# STORED DATA:

"""

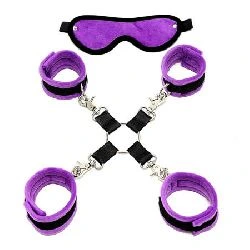 set de bondage purpura rimba bondage - detalle 3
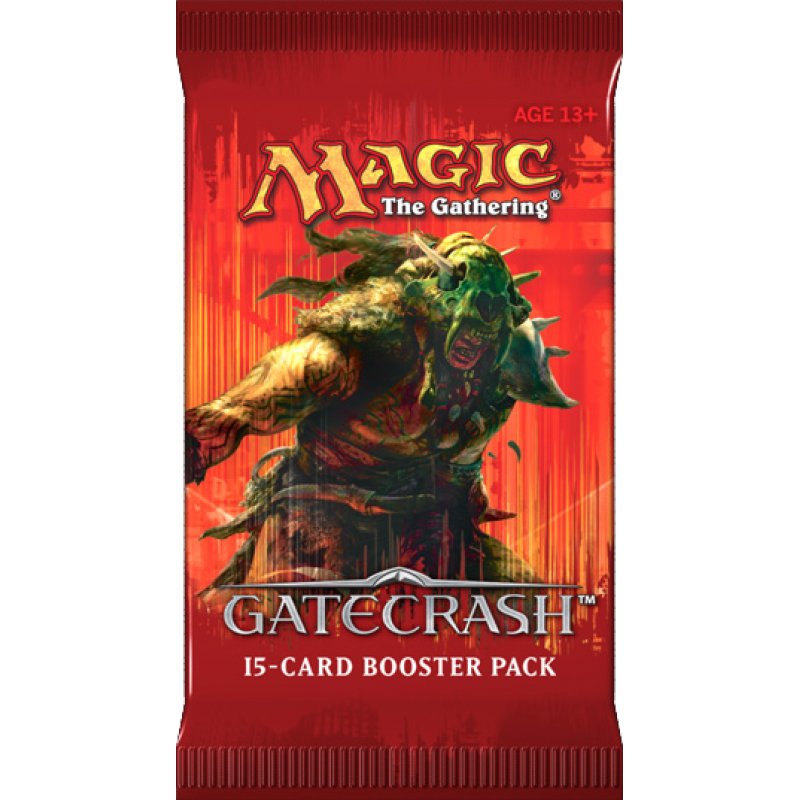 Magic The Gathering Gatecrash 15 Card Booster Pack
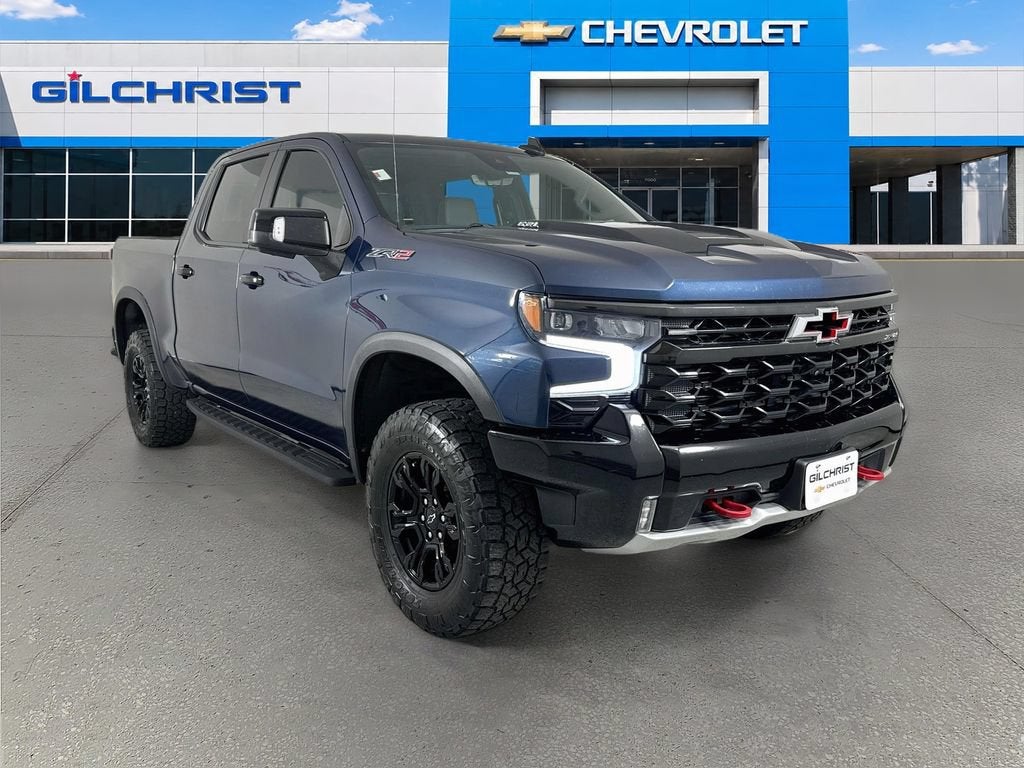 2022 Chevrolet Silverado 1500 ZR2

"""

# ASSIGNMENT:
Pictures stay out of the copy; print the material above exactly.

# RESPONSE:
 set de bondage purpura rimba bondage - detalle 3
 Magic The Gathering Gatecrash 15 Card Booster Pack
 2022 Chevrolet Silverado 1500 ZR2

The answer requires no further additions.